La tribuna
Javier González-Cotta
El Grinch y el Niño Dios
El pasado miércoles se firmó en el Palacio de San Telmo el Acuerdo para el Impulso de la Participación Institucional, que elevará a categoría de ley la participación de los sindicatos Comisiones Obreras y UGT y la Confederación de Empresarios de Andalucía (CEA) en el proceso de toma de decisiones del Parlamento andaluz en asuntos de materia laboral y económica y otros que les afecten. Como es conocido, este tipo de acuerdos no es nuevo, sino que presidieron buena parte de la política de los gobiernos socialistas desde el primer gran acuerdo de 1993, si bien decayeron a partir de la crisis financiera y, especialmente, tras las investigaciones judiciales sobre posibles casos de corrupción en los primeros años de la pasada década. Con el nuevo acuerdo, el gobierno del Partido Popular no solo revitaliza la concertación de los gobiernos socialistas, sino que la eleva a nivel de ley.
La concertación social no ha tenido tradicionalmente rechazo político significativo, aunque de forma privada ha sido denostada tanto por políticos de la oposición como por miembros del gobierno responsables de su aplicación. Su aceptación política se fundamentaba en que sus objetivos (consensuar, evitar conflictos, paz social) son ampliamente compartidos, y porque oponerse a unos acuerdos en los que los sindicatos y la CEA han estado muy interesados no era muy rentable políticamente. Sin embargo, su contribución a la “paz social” es cuestionable porque en el presente la conflictividad laboral no es significativa, y en el pasado se perdían más jornadas por huelgas en Andalucía que en el resto de comunidades autónomas sin acuerdos de semejante entidad. Además, el argumento de la paz social es indefendible éticamente, pues parece derivarse que la concertación social (con las consecuentes transferencias a las organizaciones firmantes) es el peaje para la paz social.
Existen múltiples motivaciones por las que he expresado mi crítica a los acuerdos de concertación. En primer lugar, porque el privilegio de unas organizaciones en la participación pública es una forma de proceder poco democrática. Son los parlamentarios elegidos por los ciudadanos quienes hacen las leyes, por lo que no se comprende que el gobierno regional (no el Parlamento) decida invitar a sindicatos y patronal a participar en el proceso legislativo de forma obligatoria y permanente. El Parlamento suele pedir opinión a especialistas y otras instituciones (entre ellas a sindicatos y patronal) sobre normas en el proceso de elaboración, pero diferente es que esté obligado por ley y que sea una prerrogativa exclusiva de estas organizaciones sociales que no representan a toda la sociedad, ni incluso a todos los que dicen representar (trabajadores y empresas), sino a una parte reducida de estos.
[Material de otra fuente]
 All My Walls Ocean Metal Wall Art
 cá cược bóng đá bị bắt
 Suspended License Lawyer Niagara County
En cuanto a su participación en la elaboración y control en las políticas públicas, la experiencia histórica nos enseña que no suele ser muy cualificada, y se utiliza más para defender los intereses de las propias organizaciones, miembros o empresas singulares de las mismas, comportándose por tanto como lobbies. Por otra parte, la concertación limita la innovación en las políticas públicas, pues la necesidad de que sean consensuadas por todas las partes ha conducido en múltiples ocasiones a que sólo se aprueben planes y programas con contenidos tradicionales.
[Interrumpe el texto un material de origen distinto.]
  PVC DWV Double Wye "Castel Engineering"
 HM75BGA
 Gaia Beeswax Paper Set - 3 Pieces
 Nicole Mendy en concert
Por tanto, la firma del nuevo acuerdo debe estar motivada por un interés meramente político semejante a las concertaciones de los gobiernos socialistas, que jugaron un papel de legitimación política, pues al concertar leyes y políticas públicas con patronal y sindicatos se blindaban ante posibles críticas de la oposición por tener el beneplácito de “los empresarios” y “los trabajadores”. Y, como contraprestación, sindicatos y patronal se beneficiaban de un creciente poder y protagonismo social al participar en múltiples comisiones, grupos de trabajo, mesas y consejos donde se definía y controlaba la ejecución de las políticas, a la vez que en algunos casos jugaban un papel privilegiado como agentes en la ejecución de las políticas (muy especialmente en la formación profesional), lo que facilitaba una financiación extraordinaria (y muy opaca) a estas organizaciones.
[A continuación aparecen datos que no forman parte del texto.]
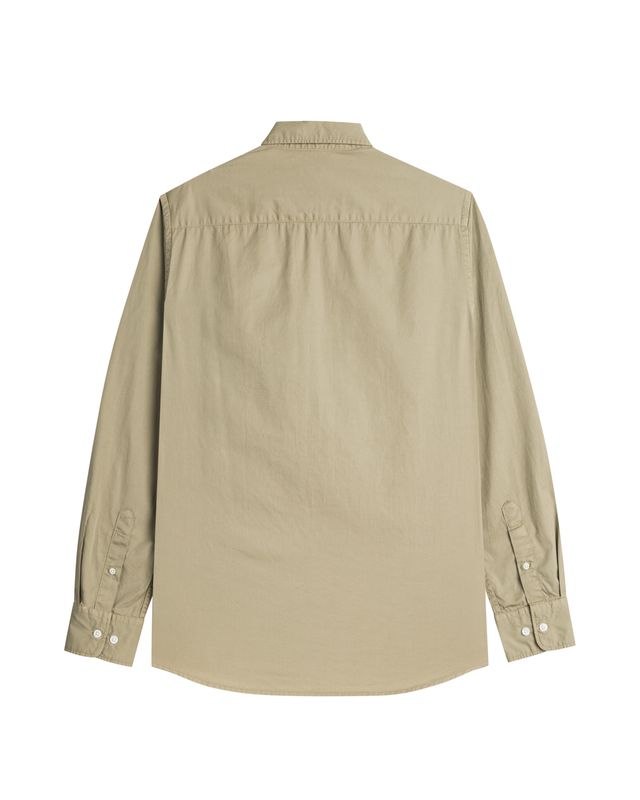 MCS Camicia Colore Beige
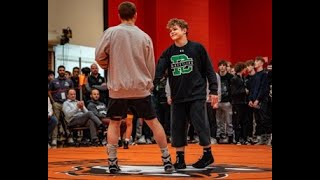 Justus Heeg | 150 lbs Freshman | 36th Dvorak Invitational | Providence Catholic | IHSA Wrestling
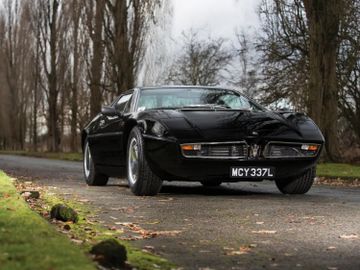 Maserati Bora 4.9, 1973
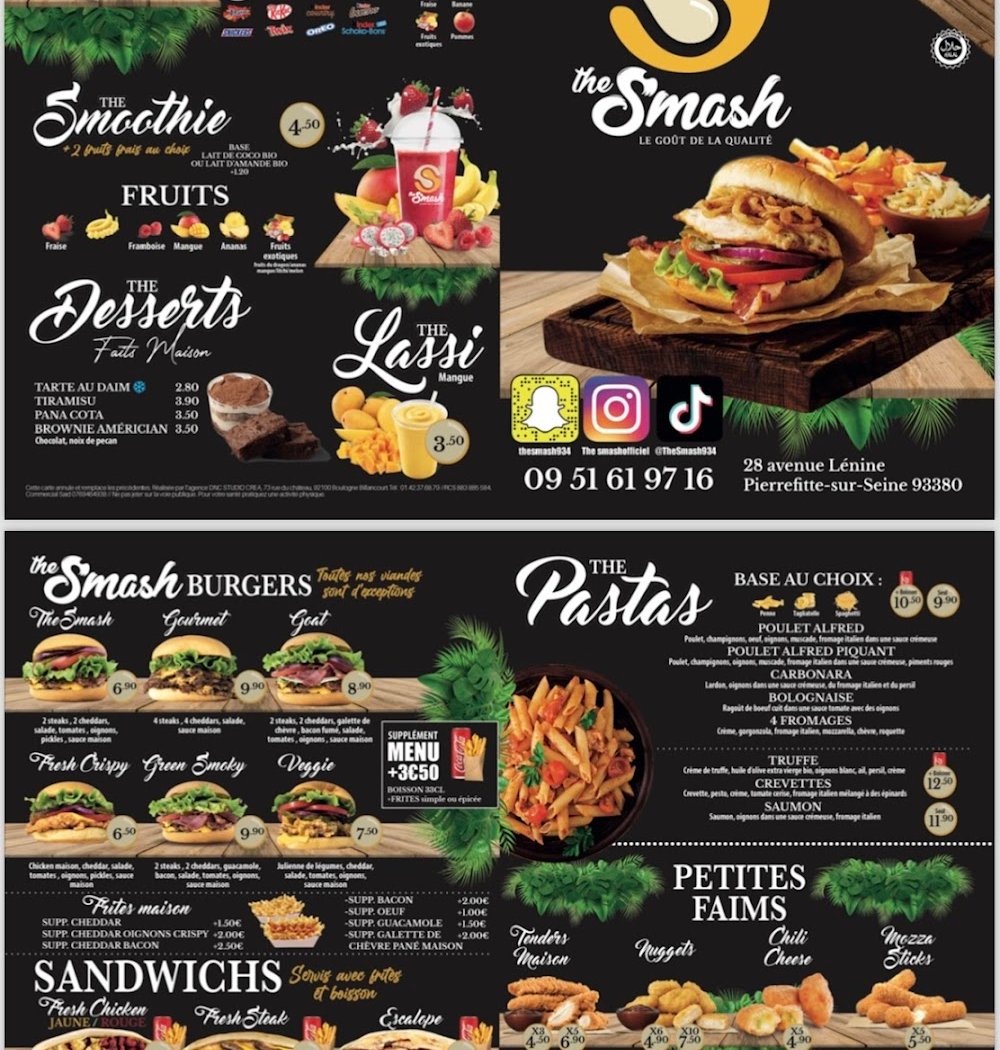 The Smash & Thaï 3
Hubiese sido conveniente una evaluación de los costes y beneficios de la concertación social en el pasado antes de abordar un nuevo acuerdo de concertación. En su ausencia, las evidencias del pasado es que la concertación no ha significado una mejora relativa de los indicadores de desarrollo (PIB, renta per cápita, empleo, productividad, inversión) en relación con otras CCAA que no tenían un nivel de concertación tan elevado como Andalucía.